Feeling and satisfaction
Sentiment analysis on social intelligence platforms can provide a quick overview of public opinion on any topic.
A human analysis of the data can reveal more nuanced emotions, such as joy, humor, frustration, anger, etc.
By working through the data, you can understand if and why customers are satisfied or frustrated, helping you resolve any issues.
Whether your store is brick-and-mortar or e-commerce, understanding with brand research on perceptions of the shopping experience is also valuable.
The average shopping cart abandonment rate in eCommerce stores is 68%.
While shoppers don’t tend to abandon carts at physical stores, experiences can be improved through data-driven approaches.

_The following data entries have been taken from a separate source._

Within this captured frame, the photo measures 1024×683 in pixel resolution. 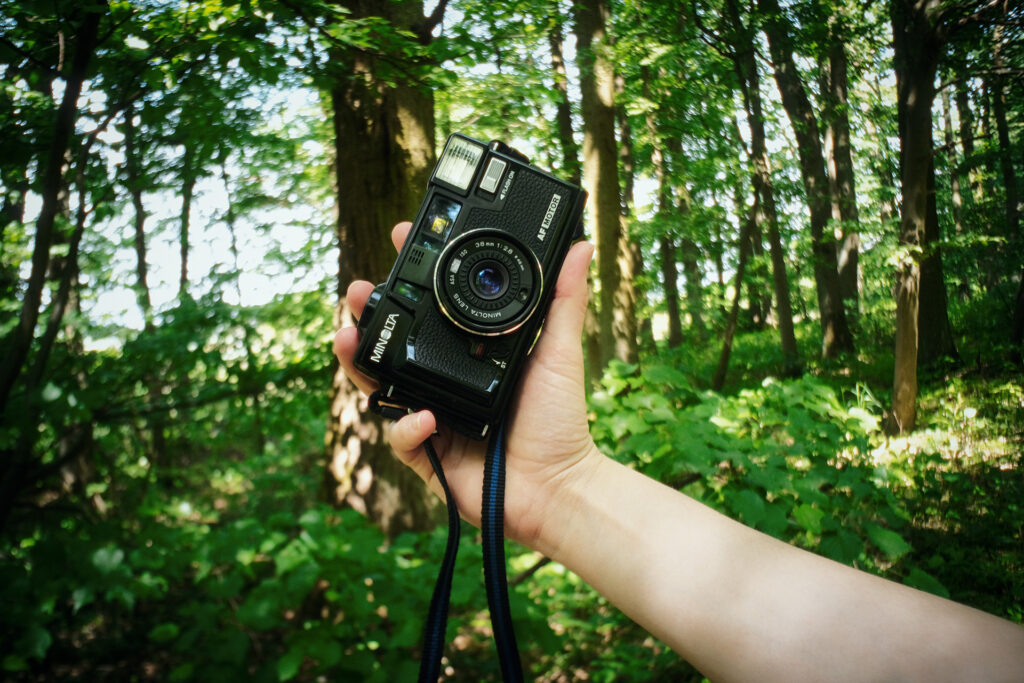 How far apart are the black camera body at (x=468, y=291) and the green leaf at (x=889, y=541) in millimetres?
1073

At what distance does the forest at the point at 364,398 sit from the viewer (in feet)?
4.58

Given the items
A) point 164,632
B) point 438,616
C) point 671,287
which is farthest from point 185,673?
point 671,287

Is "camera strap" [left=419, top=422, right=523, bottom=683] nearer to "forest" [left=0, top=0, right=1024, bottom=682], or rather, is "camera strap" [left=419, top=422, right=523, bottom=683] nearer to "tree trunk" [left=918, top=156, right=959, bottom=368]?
"forest" [left=0, top=0, right=1024, bottom=682]

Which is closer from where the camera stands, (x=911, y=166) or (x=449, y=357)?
(x=449, y=357)

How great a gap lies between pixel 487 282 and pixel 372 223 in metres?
1.52

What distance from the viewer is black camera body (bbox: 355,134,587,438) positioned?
120 centimetres

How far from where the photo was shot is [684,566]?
86 cm

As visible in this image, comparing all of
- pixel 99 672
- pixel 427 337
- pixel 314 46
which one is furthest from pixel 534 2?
pixel 99 672

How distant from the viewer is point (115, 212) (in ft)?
6.44

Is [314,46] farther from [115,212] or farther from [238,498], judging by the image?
[238,498]

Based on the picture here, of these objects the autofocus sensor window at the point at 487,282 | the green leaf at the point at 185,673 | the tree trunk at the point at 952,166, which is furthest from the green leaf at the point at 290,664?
the tree trunk at the point at 952,166

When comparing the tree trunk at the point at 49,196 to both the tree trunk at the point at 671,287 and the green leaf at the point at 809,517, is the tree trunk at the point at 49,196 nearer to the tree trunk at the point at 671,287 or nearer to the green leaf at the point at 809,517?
the green leaf at the point at 809,517

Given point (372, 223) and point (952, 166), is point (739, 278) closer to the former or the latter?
point (952, 166)

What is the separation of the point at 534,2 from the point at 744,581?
2.34 meters
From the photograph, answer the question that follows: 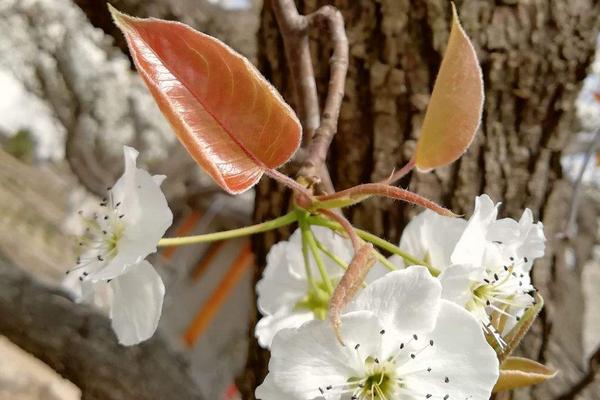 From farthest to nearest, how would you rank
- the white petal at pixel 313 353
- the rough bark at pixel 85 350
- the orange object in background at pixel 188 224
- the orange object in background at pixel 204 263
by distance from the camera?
the orange object in background at pixel 204 263
the orange object in background at pixel 188 224
the rough bark at pixel 85 350
the white petal at pixel 313 353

Tips for a successful brand research
Don’t be afraid to ask simple questions. You can often find that by asking simple questions people open up and explain in greater detail.
- Look for emotional and rational responses. There are different reasons why someone chooses one brand over another. Trying to discover a mix of the two will help your brand do its research.
- Don’t start with assumptions or bring your own views to brand research. Facilitate the conversation to discover real ideas, don’t lead the conversation where you expect it to go.
- Think of the best presentation methods. Present your findings well, with methodology, clearly presented data, and qualitative insights.
- There is no one way to create the perfect brand research strategy.
The best method will use a combination of data sources, developing an approach tailored to suit your brand and industry.
Some of the findings can be large and others can be painful. The painful ones can often be the best, because they lead to opportunities for improvement.